Congress has multiple tax proposals on the table. Unfortunately, my crystal ball is broken, which leaves us shooting at a moving target. No one knows what will ultimately be signed into law. That said, you should take some time now to ready yourself for possible shifts in U.S. tax policy.

Expect changes to tax codes

The current tax code will look different. Unfortunately, we just don’t know how much change to expect. 

Current proposals include reworking some of the tax brackets and thresholds, raising capital gains rates, lowering lifetime exclusions for gifts and estates, eliminating stepped-up basis, removing 1031 like-kind exchanges, and taxing transfers to family.

Your specific situation will dictate how these changes would affect you, but let’s walk through some potential situations that could happen if certain proposals become law:

Assets. For one, as the lifetime exclusion steadily increased in recent years and with portability between spouses, use of “his-and-her” trusts changed. Given some proposals, spouses may find it advantageous to separate assets.

Farm structure. Restructuring capital gains rates’ preferential treatment will affect succession and transition planning as the next generation takes over the business. Changes in how the net investment income tax defines income from a business may affect S corporation owners and LLC members.

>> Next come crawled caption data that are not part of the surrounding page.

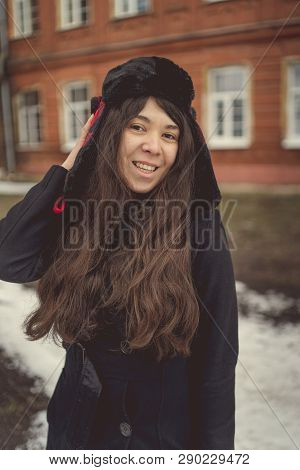 Portrait Of A City Girl In A Blue Jacket. Girl Walking In The Fresh Air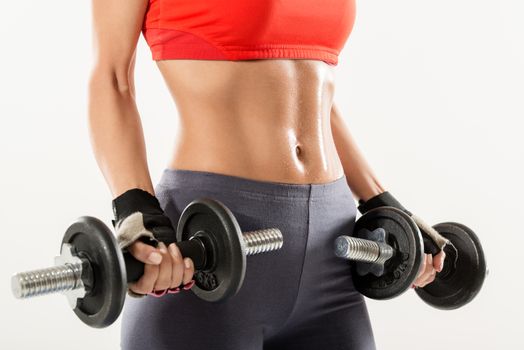 Close-up of the perfect woman body with dumbbells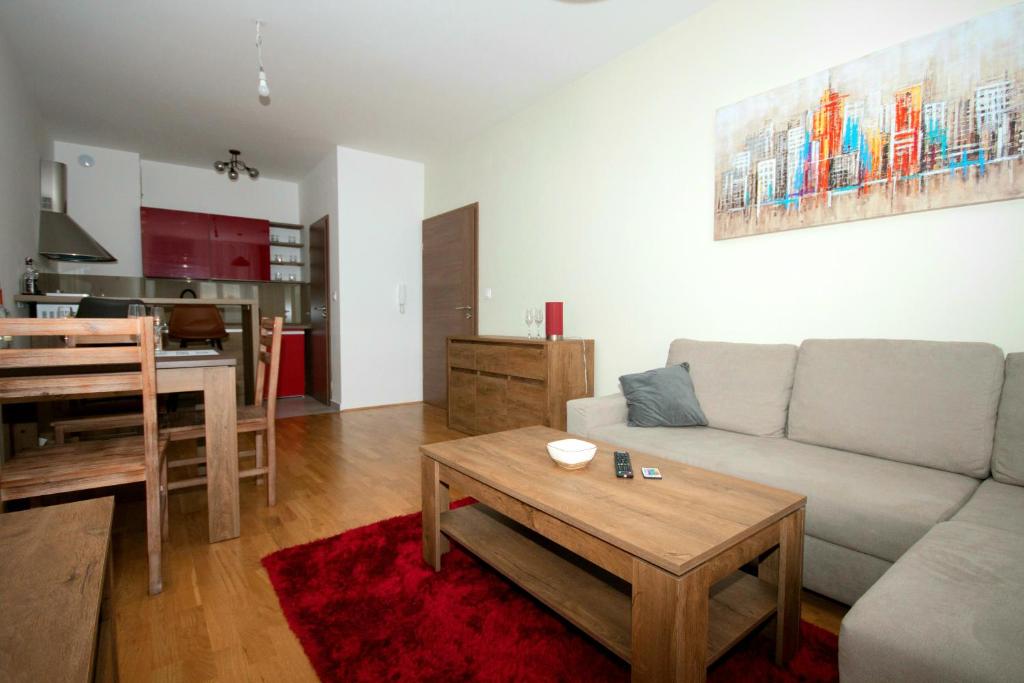 a living room with a couch and a table at Apartment Butterfly in Osijek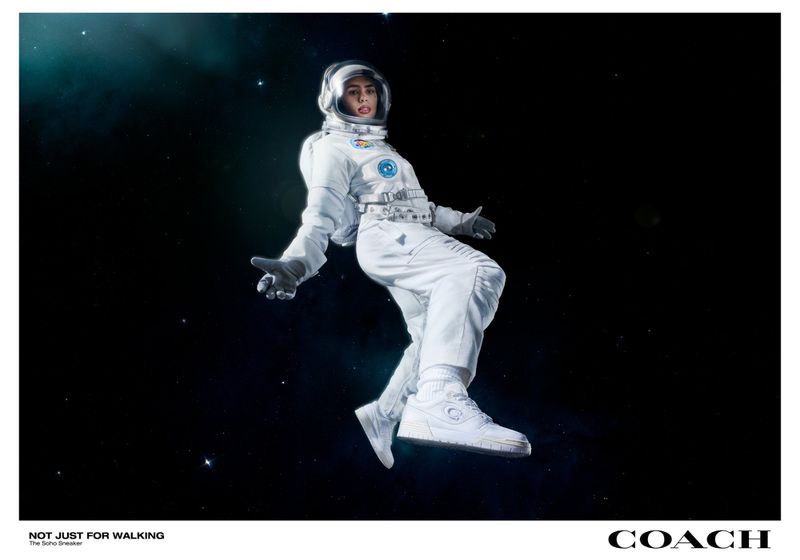 A person in a white space suit floats against a dark, starry background, wearing white sneakers, promoting the Coach Soho Sneaker.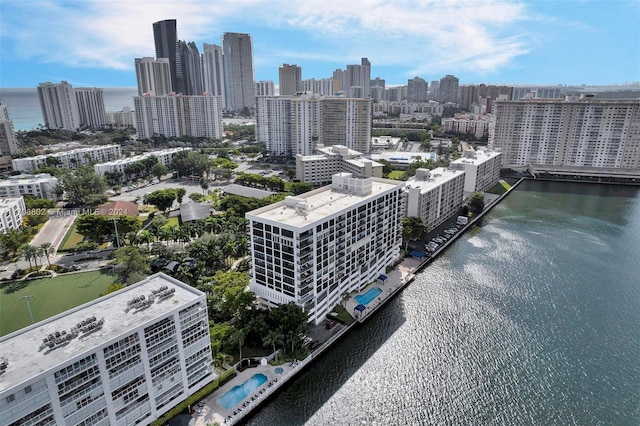 property's view of city with a water view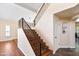 Staircase with wood steps and black railings, and light-colored walls and wood floors at 5513 E Grovers Ave, Scottsdale, AZ 85254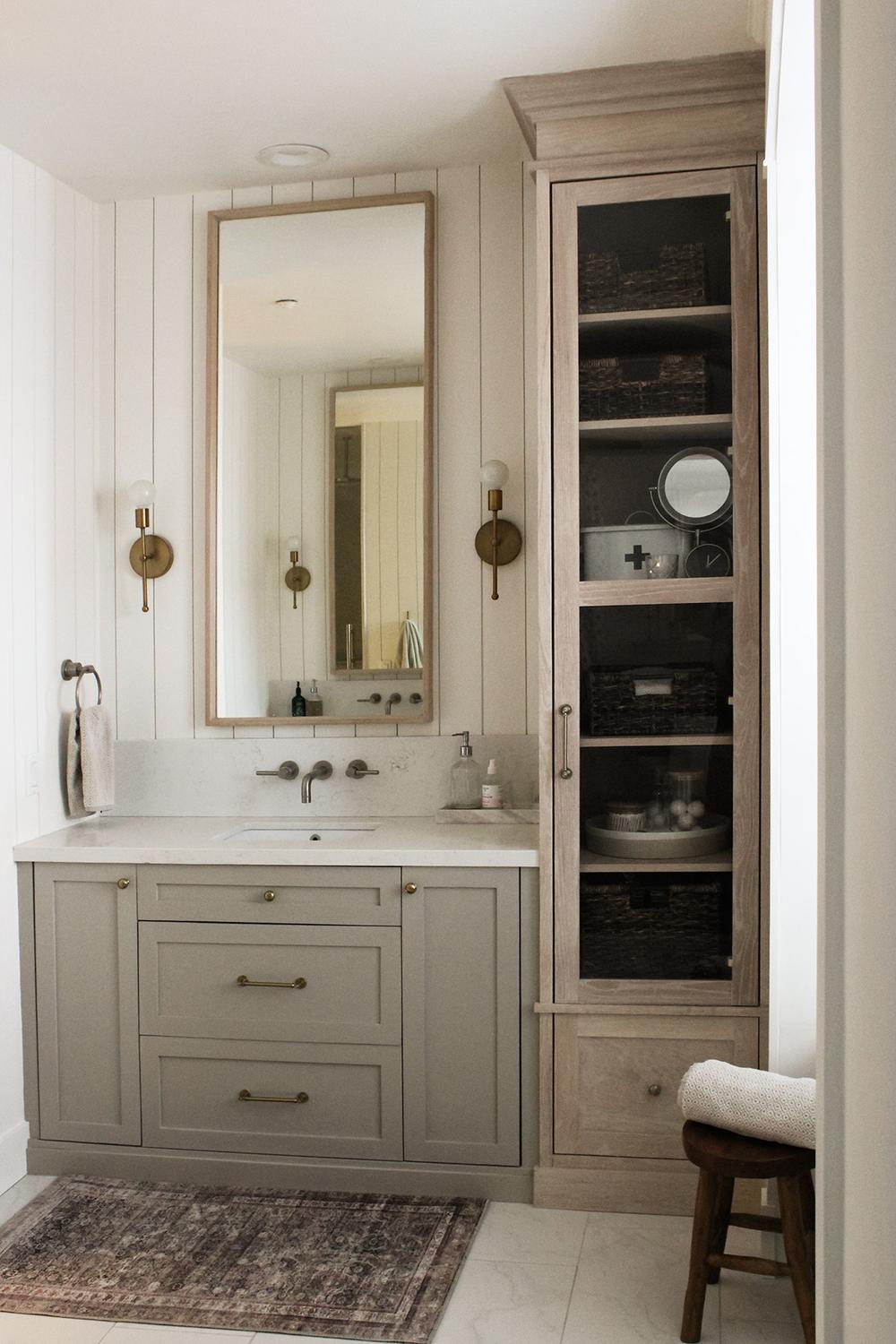 Coastal-style bathroom featuring white vertical shiplap, gray vanity, and natural elements.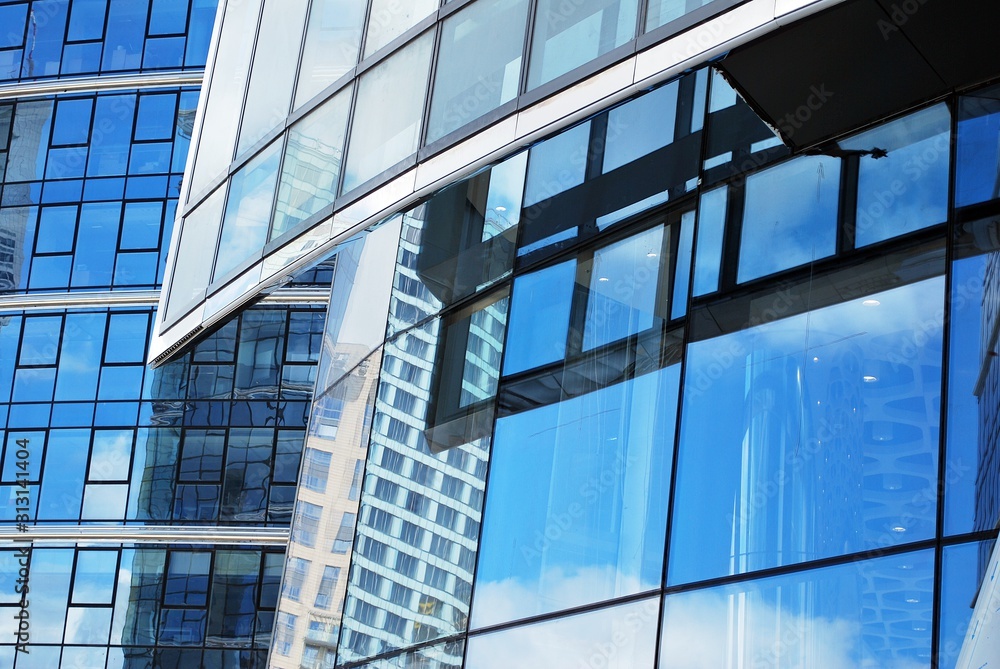 Abstract image of looking up at modern glass and concrete building. Architectural exterior detail of office building. Abstract image of looking up at modern glass and concrete building. Architectural exterior detail of office building.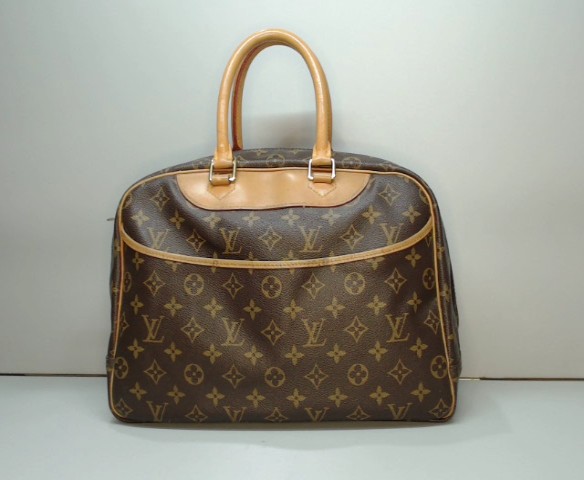 Deauville leather handbag Louis Vuitton Brown in Leather - 35881139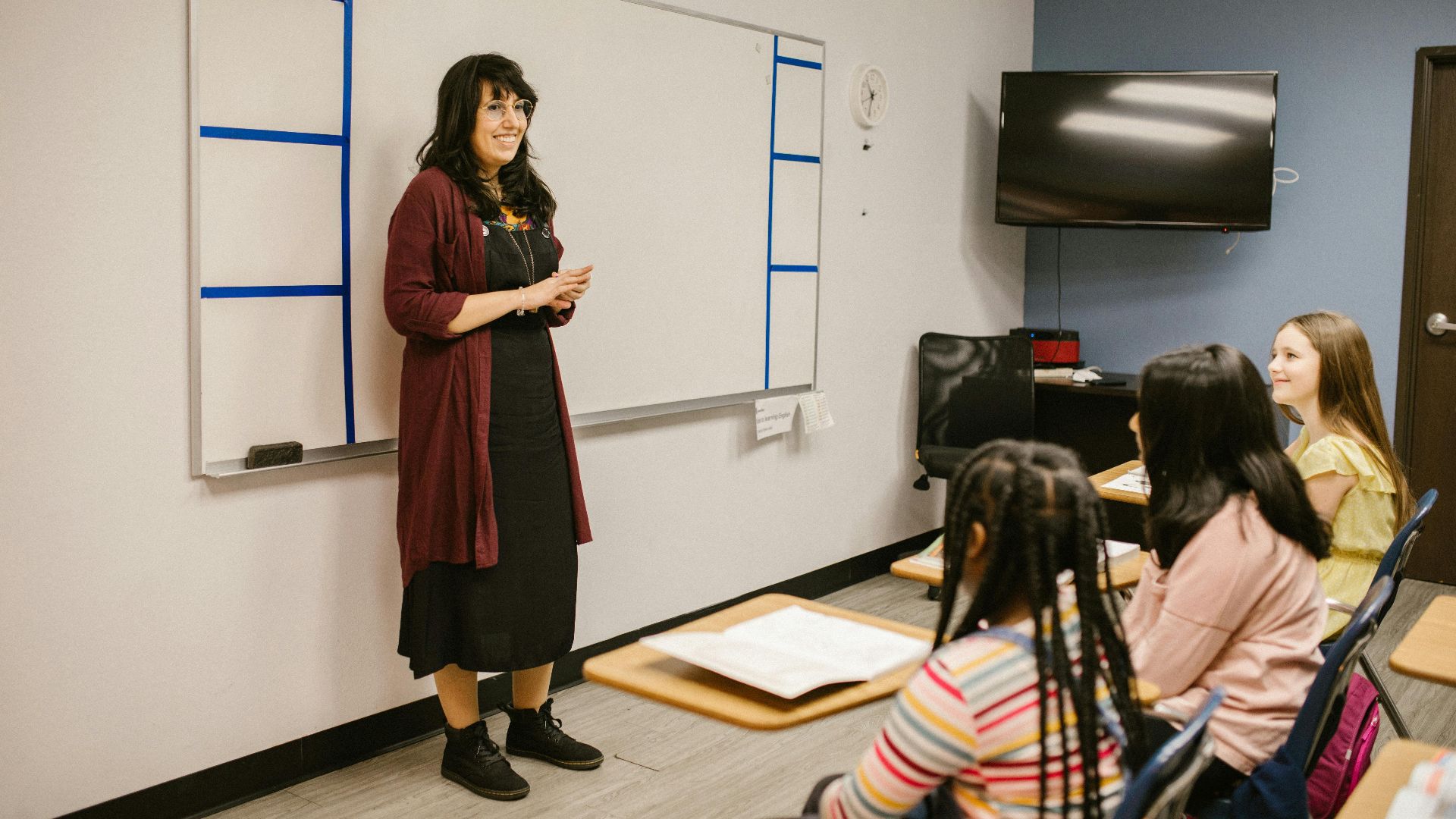 A teacher conducts a lesson with attentive diverse students in a modern classroom setting.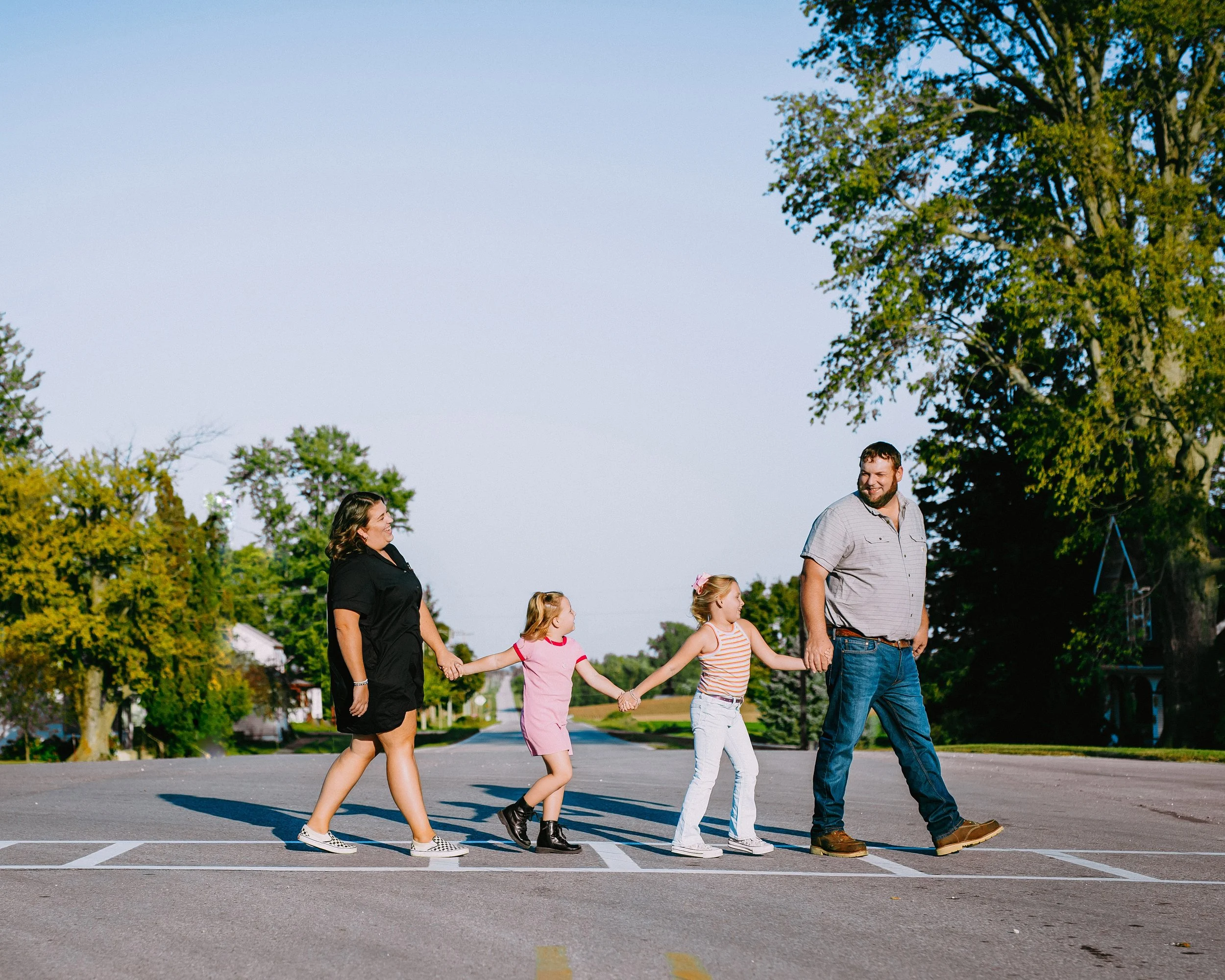 A family walking hand in hand across a crosswalk outdoors on a sunny day, with trees and a clear blue sky in the background.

Gifting. Whether stepped-up basis survives congressional negotiations will affect your decision to gift the farm to your heir or pass it as an inheritance. Current proposals not only affect the estate tax, but also the income taxes of the surviving spouse and heirs. Land isn’t the only item to benefit from stepped-up basis. Also consider crop, livestock and machinery values.  

Eyes on capital gains tax

Farm country possibly feels most concerned about the proposal to tax capital gains when assets transfer to heirs through gifts or upon death.

Under current proposals, the first $1 million of transfers would be exempt. Transfers valued beyond that would have capital gains assessed just as if the assets were sold, even though they weren’t.

If you leave your heirs farmland, livestock and machinery, then the capital gains on each would need to be paid. However, heirs who keep assets wouldn’t have the cash flow from sales to cover the taxes. Would this require selling the farm to pay the tax? 

This new tax could be deferred for “family-owned and -operated” farms. How that term is defined will become vitally important. Will it only include lineal descendants? If you leave farmland to your kids and they want to keep it but rent it, will this arrangement count as family-operated?

Of course, the deferred tax — presumably with interest — would be due as soon as the land wasn’t operated by family. 

You can take action

Proactive farmers have asked if they should act now while under current law. Unfortunately, we don’t know whether new policies would apply retroactively. At least one proposal would affect transfers made after Dec. 31, 2020. It’s dangerous to jump and find out later you shot yourself in the foot.

Unless your crystal ball is in better shape than mine, you won’t know how to proceed until we get more clarity. However, you can take two important steps now:

1. Talk about transition. You and your spouse should spend a little time to consider your assets and develop a plan for how you want to treat your heirs.

2. Find an estate attorney. If you aren’t already working with an estate planning attorney, then you need to find one today. This is critical because you may only have a short time to make changes to your estate plan after Congress passes legislation. If that is the case, then all attorneys worth their salt will be overwhelmed assisting existing clients who are scrambling to make changes, and you’ll have an impossible task if you try to get a first-time appointment. Do your homework now, and find someone you trust to advise you. 

If you want to pass your farm to the next generation, then get organized, and prepare to make educated decisions quickly if necessary.